** Your goal **
For this exercise, write out every entry exactly and leave the pictures out.

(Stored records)
==========

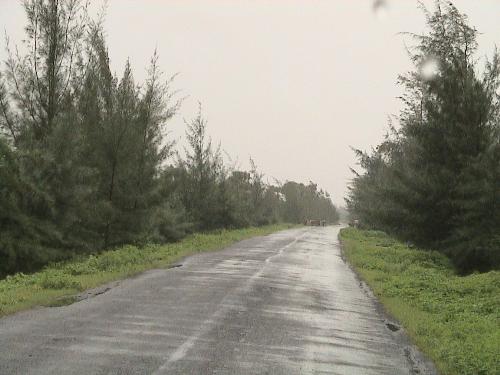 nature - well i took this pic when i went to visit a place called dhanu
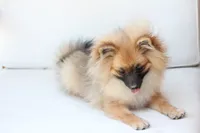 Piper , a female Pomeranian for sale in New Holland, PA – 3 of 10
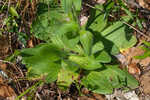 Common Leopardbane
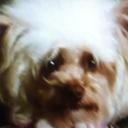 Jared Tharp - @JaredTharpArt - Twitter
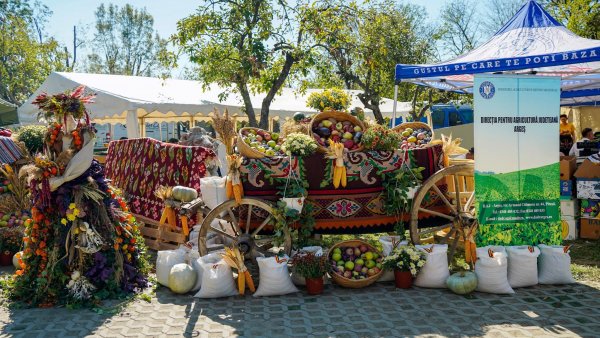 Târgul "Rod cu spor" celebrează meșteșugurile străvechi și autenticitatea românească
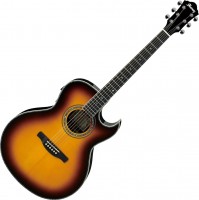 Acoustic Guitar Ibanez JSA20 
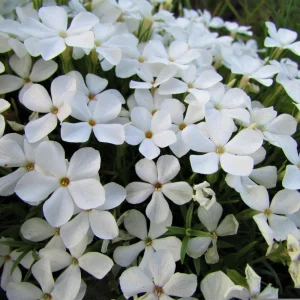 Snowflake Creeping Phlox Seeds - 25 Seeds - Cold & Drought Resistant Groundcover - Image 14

==========

** Result of the task **
 nature - well i took this pic when i went to visit a place called dhanu
 Piper , a female Pomeranian for sale in New Holland, PA – 3 of 10
 Common Leopardbane
 Jared Tharp - @JaredTharpArt - Twitter
 Târgul "Rod cu spor" celebrează meșteșugurile străvechi și autenticitatea românească
 Acoustic Guitar Ibanez JSA20 
 Snowflake Creeping Phlox Seeds - 25 Seeds - Cold & Drought Resistant Groundcover - Image 14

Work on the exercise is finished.